つかれぐま

夏への扉 ―キミのいる未来へ―のつかれぐまのレビュー・感想・評価

3.5
21/6/28@調布#10

僕はピート🐱の肩を持つ。

60年前のアメリカの原作が、ちゃんと今の日本の話になっている。これは良い改変だ。難病、貧困、ヤンキー・・そんなのばっかの日本映画には希少なスマートな後味。

原作には僅かしか登場しないリッキー(璃子)を最初から登場させて、主人公と彼女のラブストーリーを軸にする。その分、主人公の努力家才人ぶりが手薄になりかけるが、それを2025年に周囲の人々が主人公へリスペクトを見せることで補う。

中でも(原作にはない)AIのピートの活躍が良かった。彼が主人公を見つめる眼差し(藤木直人好演!)。創造主への尊敬に溢れるそれが、実は本作で一番好きだったところ。璃子との恋愛以上に、この不思議なバディの共演がもっと見たかったような。

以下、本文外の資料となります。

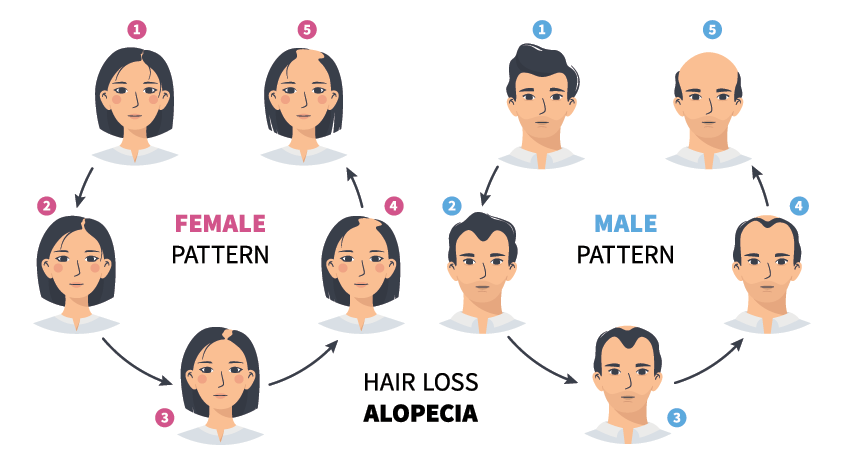 Hair Loss Alopecia diagram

有名な原作の初映画化だが、実は既に「楽曲化」はされている。1980年に山下達郎が「夏への扉」という曲をアルバムに収めており、その歌詞にはピート🐱やリッキーが登場する。そしてこの曲の雰囲気が本作にとても近いのだ(エンドロールにはこっちを使って欲しかった)。おそらく本作のスタッフはこの曲に少なからずインスパイヤされたんだと思う。もちろんそれは悪いことじゃあない。ハインライン(小説)→山下達郎(音楽)→本作(映画)と、時空を越えたポップカルチャーの継承が素晴らしいね。